Got some work done, decided to start playing with logos and layouts for the kickstarter digest idea.

(To recap: a 64 digest comic, it’s actually 68 pages – once you include the covers, drawn while I do other work. Scifi/horror like the old UK Starblazer imprint)

So, in order to start working out layouts for a cover I needed a cover. And I didn’t have one. So I figured, it was time to test my working hypothesis that I could draw an A5 sized comic at A5 sized (which is about a quarter of the size of a traditional comic).

Man, my eyes are not what they once where, it was a little too tiny. So I might scale up – maybe not all the way to A5, but a decent 40% larger, maybe… (So a single page will fit on an A4 page, but it’ll still be smaller than A4)

This cover was a lot of fun to conceptualise and draw. I knew I wanted a sci-fi old school concept, spaceman, fighting monster on new planet.
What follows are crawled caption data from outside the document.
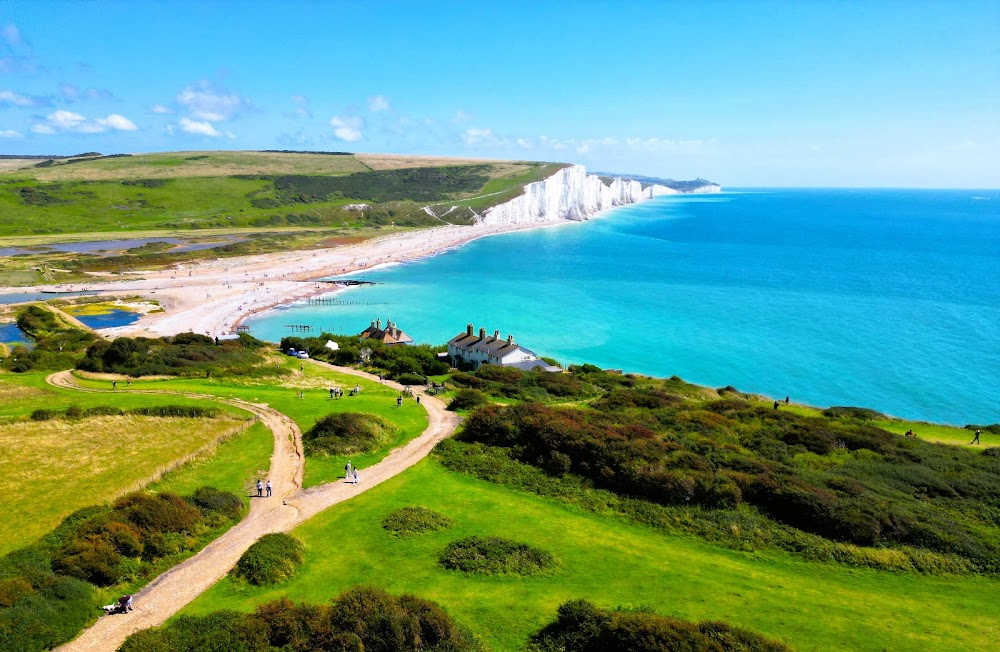 La course à l'échalote : coastline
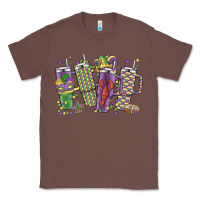 Chestnut mardi gras coffee Classic Tee - MaliasSmallBusiness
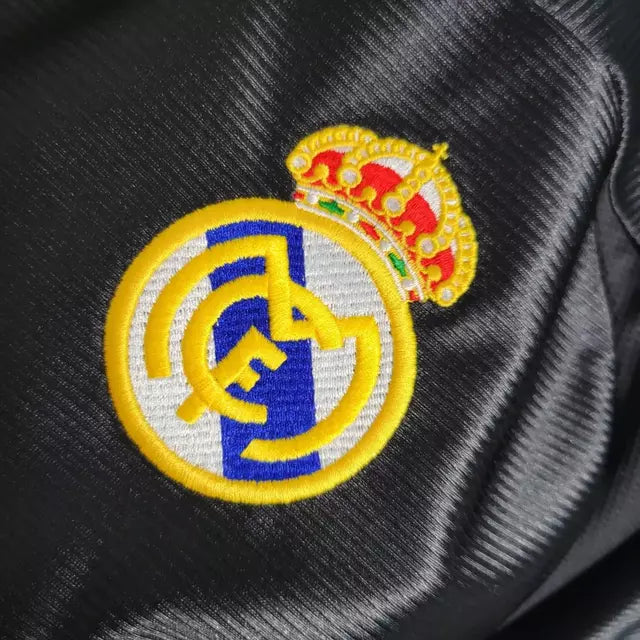 Camisa Retrô Real Madrid II 99/01 Torcedor Adidas Masculina - Preto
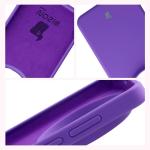 Carcasa Bizon Soft compatibila cu Vivo X300 Ultra, Mov 7 - lerato.ro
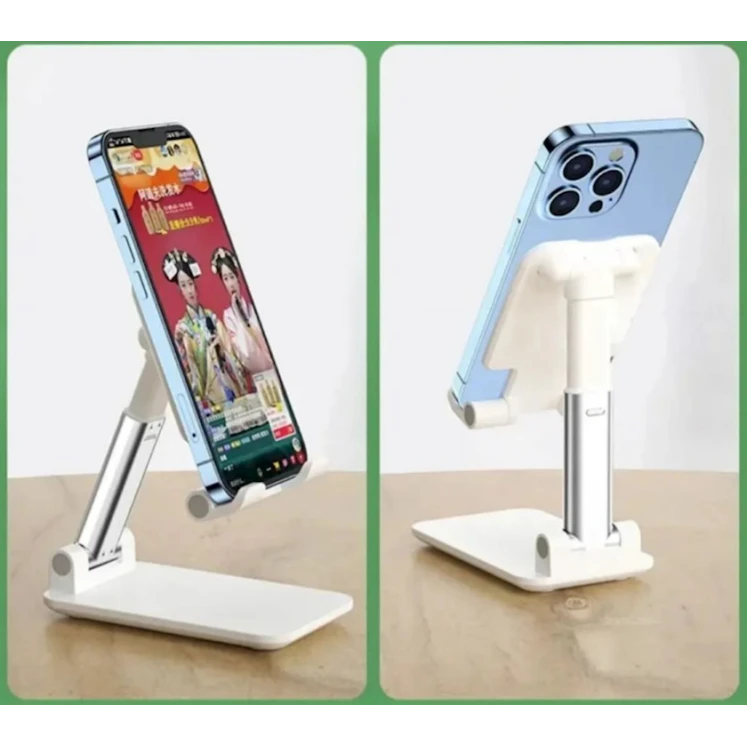 Настольный держатель F35, 10.5x6.4x15.5 см, белый Настольный держатель F35, 10.5x6.4x15.5 см, белый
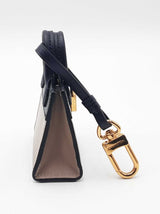 Louis Vuitton City Steamer Bag Charm & Key Holder In Tricolor Leather Fw0626crdu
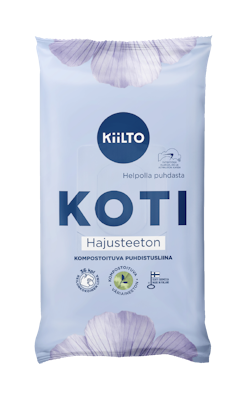 Kiilto hajusteeton yleispuhdistusliina 36kpl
Then I covered his eye with an eyepatch and decided to make the monster blind (and he’s hunting it with some rotten meat).

And then a title just came – Kingdom of the Blind – wasn’t quite on-the-nose enough – good old pulpy sci required it be called Planet of the Blind (he also requires his surname to be King, if I ever wrote it)

Anyway, here’s the cover…

The logo in the bottom right is the Channel Hex logo. Spent some time figuring that out today, tried dozens of variations and ended up … going back to the original logo I designed when I first wanted to do some short channel hex stories a few years ago.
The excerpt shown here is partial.